You may also generate RISC-U binaries both ways which will then be identical:

```bash
$ ./selfie -c any-cstar-file.c -o any-cstar-file1.m
$ ./selfie -c selfie.c -m 1 -c any-cstar-file.c -o any-cstar-file2.m
$ diff -s any-cstar-file1.m any-cstar-file2.m
Files any-cstar-file1.m and any-cstar-file2.m are identical
```

This can also be done in a single invocation of `selfie`:

```bash
$ ./selfie -c any-cstar-file.c -o any-cstar-file1.m -c selfie.c -m 1 -c any-cstar-file.c -o any-cstar-file2.m
$ diff -s any-cstar-file1.m any-cstar-file2.m
Files any-cstar-file1.m and any-cstar-file2.m are identical
```

The generated RISC-U binaries can then be loaded and executed as follows:

```bash
$ ./selfie -l any-cstar-file1.m -m 1 "arguments for any-cstar-file1.m"
```

#### Linking

To compile and link any C\* source code from multiple source files use:

```bash
$ ./selfie -c any-cstar-file1.c any-cstar-file2.c ... -m 1
```

For example, to make the source code of `selfie.c` available as library code in any C\* source code use:

```bash
$ ./selfie -c any-cstar-file.c selfie.c -m 1
```

Note that multiple definitions of symbols are ignored by the compiler with a warning.

#### Debugging

Selfie's console messages always begin with the name of the source or binary file currently running. The mipster emulator also shows the amount of memory allocated for its machine instance and how execution terminated (exit code).

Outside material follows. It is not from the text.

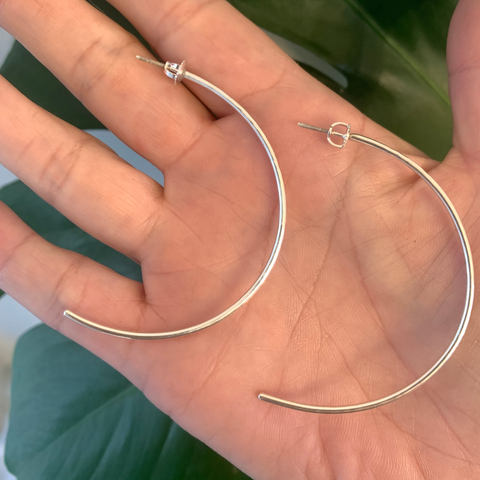 Sterling SIlver Hammered Half Hoops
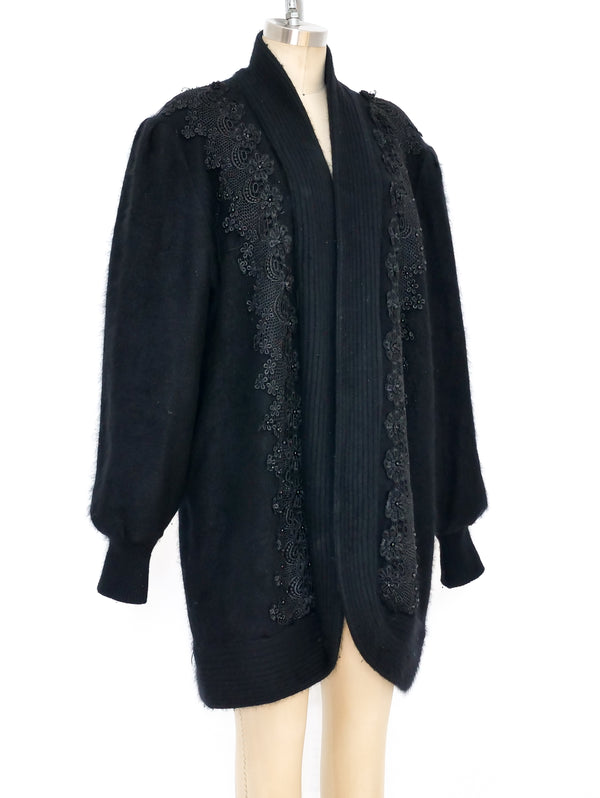 Lace Embellished Black Angora Jacket Jacket arcadeshops.com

As discussed before, RISC-U assembly for `selfie` and any other C\* file is generated as follows:

```bash
$ ./selfie -c selfie.c -s selfie.s
```

If the assembly code is generated from a binary generated by the compiler (and not loaded from a file) approximate source line numbers are included in the assembly file.

Verbose debugging information is printed with the `-d` option, for example:

```bash
$ ./selfie -c selfie.c -d 1
```

Similarly, if the executed binary is generated by the compiler (and not loaded from a file) approximate source line numbers are included in the debug information.